In order to sue in federal court for employment discrimination under Title VII, an employee must first file a “charge” with the EEOC. That much is crystal clear. But what, in fact, constitutes a “charge,” since Title VII does not define that term with any precision?   What is minimally required for a filing to be deemed a “charge?”

In an opinion issued on June 28th, Williams v. CSX Transportation Co., a federal appeals court provided a nice review of when a filing is deemed a “charge” under Title VII, and went through the elements set out by the EEOC and the Supreme Court.  In that case, the employee’s filing was initially dismissed because it purportedly contained insufficient allegations of a hostile work environment. The Court discussed the elements to be considered as to when a filing can be considered a “charge”:  

  1. Title VII requires only that it must be in writing under oath or affirmation, and it must contain such information and be in such form as the EEOC requires. 

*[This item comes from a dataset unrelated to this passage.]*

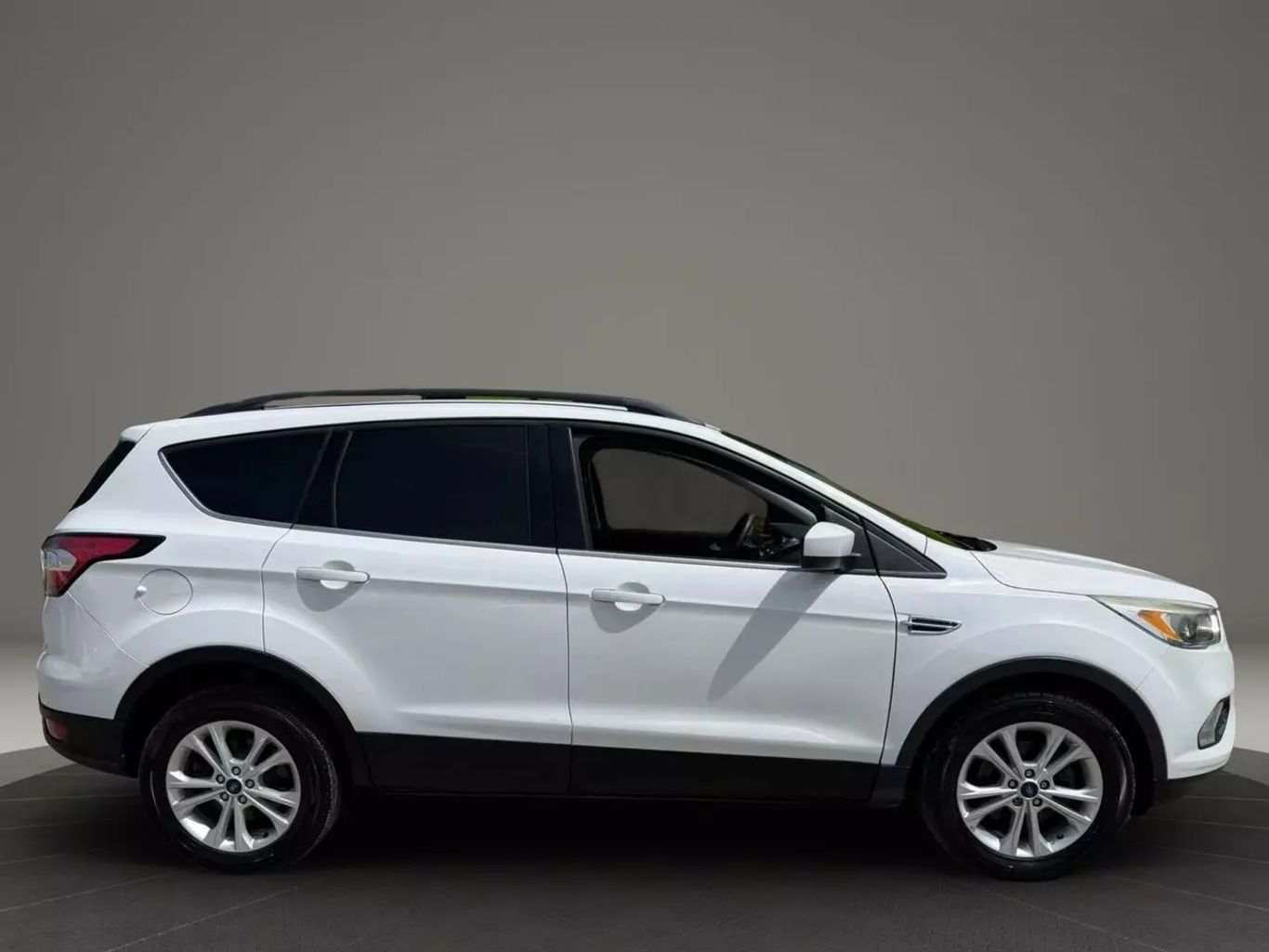 2018 FORD ESCAPE SUV 4-CYL, ECOBOOST, TURBO, 1.5 LITER SE SPORT UTILITY 4D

  2. The EEOC requires that a charge should contain the names, addresses, and telephone numbers of the person making the charge and the charged entity; a statement of facts describing the alleged discriminatory act; the number of employees of the charged employer; and a statement indicating whether the charging party has initiated state proceedings. 

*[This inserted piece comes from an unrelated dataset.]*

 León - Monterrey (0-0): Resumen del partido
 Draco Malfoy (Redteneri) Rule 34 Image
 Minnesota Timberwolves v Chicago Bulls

  3. Finally, the Supreme Court added a further element – that “taken as a whole” an “objective observer” would believe that the filing indicated that the charging party was actually requesting some action by the EEOC,  as opposed to, for example, merely being a request for information.  Federal Express Corp. v. Holowecki.

As to plaintiff Williams’ filing, the Court found that it did, in fact, contain information “sufficiently precise to identify the parties, and to describe generally the action or practices complained of,” and that “taken as a whole” it would suggest to an “objective observer” that Williams requested that the EEOC “activate its machinery and remedial processes.”